Source data:
== Segment start ==

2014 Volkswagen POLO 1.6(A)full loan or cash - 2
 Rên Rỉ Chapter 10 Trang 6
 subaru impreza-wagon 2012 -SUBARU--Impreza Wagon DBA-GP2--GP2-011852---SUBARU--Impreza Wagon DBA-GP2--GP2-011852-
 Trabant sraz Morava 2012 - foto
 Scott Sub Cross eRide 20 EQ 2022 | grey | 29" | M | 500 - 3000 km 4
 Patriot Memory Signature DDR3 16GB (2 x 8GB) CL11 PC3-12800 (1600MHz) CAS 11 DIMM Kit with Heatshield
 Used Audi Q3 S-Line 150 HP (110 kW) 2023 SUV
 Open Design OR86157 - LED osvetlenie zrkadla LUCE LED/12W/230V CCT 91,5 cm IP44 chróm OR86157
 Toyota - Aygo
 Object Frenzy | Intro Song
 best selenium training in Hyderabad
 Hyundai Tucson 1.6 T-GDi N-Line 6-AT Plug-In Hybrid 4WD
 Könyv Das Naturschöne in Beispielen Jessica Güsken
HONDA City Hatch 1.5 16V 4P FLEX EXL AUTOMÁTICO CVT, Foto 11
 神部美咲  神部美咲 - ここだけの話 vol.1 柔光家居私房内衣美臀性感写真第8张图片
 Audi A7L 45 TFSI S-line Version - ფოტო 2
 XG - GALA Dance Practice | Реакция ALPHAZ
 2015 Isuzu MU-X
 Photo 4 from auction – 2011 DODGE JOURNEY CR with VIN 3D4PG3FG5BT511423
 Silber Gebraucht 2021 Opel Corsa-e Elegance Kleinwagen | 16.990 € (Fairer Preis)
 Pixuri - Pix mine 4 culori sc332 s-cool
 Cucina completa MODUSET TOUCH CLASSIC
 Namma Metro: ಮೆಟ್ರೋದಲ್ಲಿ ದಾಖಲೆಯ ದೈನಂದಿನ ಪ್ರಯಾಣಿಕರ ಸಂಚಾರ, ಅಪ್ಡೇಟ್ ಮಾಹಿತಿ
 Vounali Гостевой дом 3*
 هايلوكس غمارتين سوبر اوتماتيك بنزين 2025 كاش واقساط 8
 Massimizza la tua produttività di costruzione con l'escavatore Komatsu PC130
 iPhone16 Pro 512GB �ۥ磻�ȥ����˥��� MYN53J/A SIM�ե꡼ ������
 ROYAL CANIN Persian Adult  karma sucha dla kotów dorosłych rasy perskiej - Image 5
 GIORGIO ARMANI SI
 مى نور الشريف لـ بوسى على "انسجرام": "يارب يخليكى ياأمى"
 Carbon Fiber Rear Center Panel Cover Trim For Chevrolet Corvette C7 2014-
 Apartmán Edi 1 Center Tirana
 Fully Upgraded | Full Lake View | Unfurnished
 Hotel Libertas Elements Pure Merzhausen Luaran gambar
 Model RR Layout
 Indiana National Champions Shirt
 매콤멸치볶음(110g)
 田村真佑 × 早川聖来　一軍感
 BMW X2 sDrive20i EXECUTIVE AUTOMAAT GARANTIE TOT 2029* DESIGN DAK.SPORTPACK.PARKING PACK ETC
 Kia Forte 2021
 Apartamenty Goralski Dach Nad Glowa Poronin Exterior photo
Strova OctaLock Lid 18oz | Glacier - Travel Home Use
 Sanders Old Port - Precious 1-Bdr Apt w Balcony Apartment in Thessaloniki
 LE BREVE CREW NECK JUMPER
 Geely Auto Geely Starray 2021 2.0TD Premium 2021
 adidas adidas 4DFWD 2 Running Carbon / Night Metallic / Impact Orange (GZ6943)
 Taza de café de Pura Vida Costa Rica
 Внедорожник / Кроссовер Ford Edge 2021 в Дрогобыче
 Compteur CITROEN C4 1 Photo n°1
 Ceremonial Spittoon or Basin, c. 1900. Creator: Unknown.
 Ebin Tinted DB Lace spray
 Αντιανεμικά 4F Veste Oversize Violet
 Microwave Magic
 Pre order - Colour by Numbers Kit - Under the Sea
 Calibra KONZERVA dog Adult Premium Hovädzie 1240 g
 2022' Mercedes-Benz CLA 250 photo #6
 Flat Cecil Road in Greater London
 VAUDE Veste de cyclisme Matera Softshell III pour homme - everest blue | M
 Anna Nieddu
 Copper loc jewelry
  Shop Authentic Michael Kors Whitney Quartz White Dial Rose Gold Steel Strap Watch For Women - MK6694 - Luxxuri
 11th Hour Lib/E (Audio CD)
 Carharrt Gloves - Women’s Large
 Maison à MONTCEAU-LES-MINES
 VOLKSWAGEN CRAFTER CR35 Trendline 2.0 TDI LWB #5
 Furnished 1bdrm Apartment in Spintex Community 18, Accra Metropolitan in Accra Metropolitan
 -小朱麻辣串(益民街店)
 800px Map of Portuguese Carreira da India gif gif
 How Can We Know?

== Segment end ==

#### What is being asked:
Check which lines of the entries hold the word "Premium", then please give only how many there are.

#### Task result:
2